Truveo Finds Its Video Destination

    August 16, 2007
    WebProNews Staff

Until today, AOL’s December 2005 acquisition of video search startup Truveo has been a white-label technology behind the video capabilities of many of the Web’s biggest sites. With its relaunch as a destination portal, Truveo became the top contender for best video search site in the world.

The development of Truveo since being bought by AOL mirrors a change I noticed in talking with Tim Tuttle, who co-founded the video search site.

In September 2006, he came across in our conversation with him as a brilliant mind, but less than completely comfortable talking with some writer when he could be making a breakthrough in his lab. The Tim Tuttle of 2007 sounds confident; the painful hesitations in last year’s chat a banished memory.

He has reason to be confident. In a brief tour of Truveo before today’s official re-opening, he got to the heart of the matter of video search. No one’s doing it really well, not even search titan Google, and he backed that up with a couple of comparison searches.

Two news items that have grabbed national attention, the saga of miners trapped in Utah and the announcement of Karl Rove’s resignation from the Bush Administration, yield much different results in Truveo and Google Video Search.

Truveo has current video results from high-quality sources for each. Google Video Search seems lost, with its first page of Rove results dominated by YouTube videos of one of the most powerful people in American politics rapping at a correspondents’ dinner.

Tuttle touched on the issue of respecting content owners’ rights with the Truveo relaunch. He clarified that by noting how Truveo will send a visitor to a content owner’s site to view a video, rather than presenting it in Truveo’s player, if the content owner prefers that.

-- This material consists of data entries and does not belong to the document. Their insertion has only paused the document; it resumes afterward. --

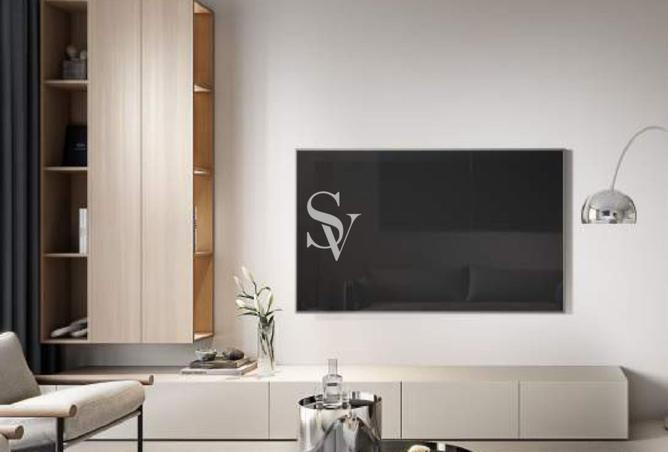 16030484 - Property Image 3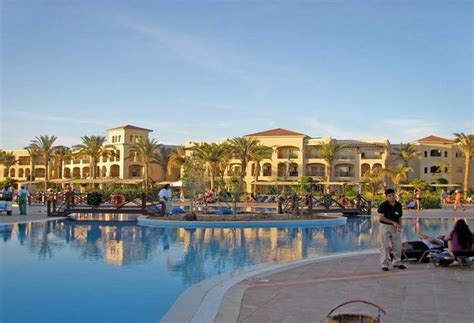 Тур в Jaz Belvedere 5*, Єгипет, 78900грн.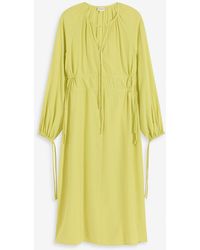 bonprix - Abito Tunica - Lyst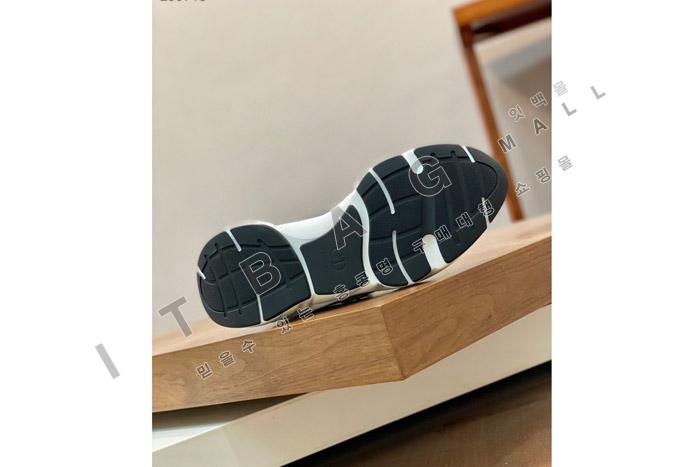 ��� ���� ����Ŀ��  MYB6495-1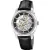 Festina Swiss Made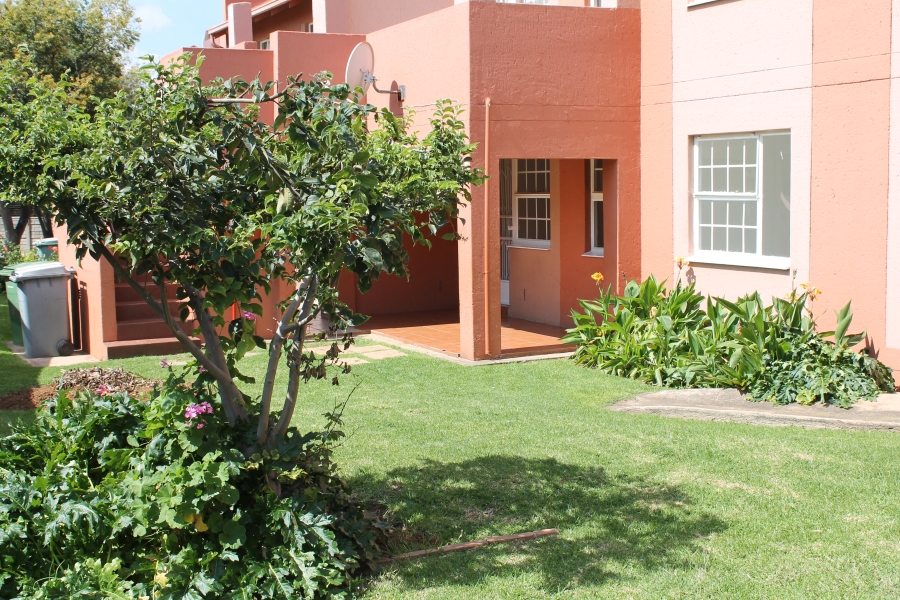 3 Bedroom Property for Sale in Meyersdal Gauteng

Truveo allows visitors to browse videos by category, and to see them organized in ways like ‘Most Recent’ or ‘Most Viewed Today’. Some searches will show off Truveo’s ability to emphasize a relevant source, like Comedy Central for a Stephen Colbert query.

When a query’s videos appear in Featured Channels (this seems to be most common for entertainers), results for some of those channels appear below the main results. The same thing goes for Featured Categories; Colbert’s videos appear under Comedy, Entertainment, and Home Video.

We like what we see, but we have a recommendation for Tuttle. It would be nice to see alternative spelling suggestions for searches. I accidentally typed Colbert as ‘Clobert’, which brought back no results and advice to check my spelling. An automated suggestion for the correct spelling would be nice to see.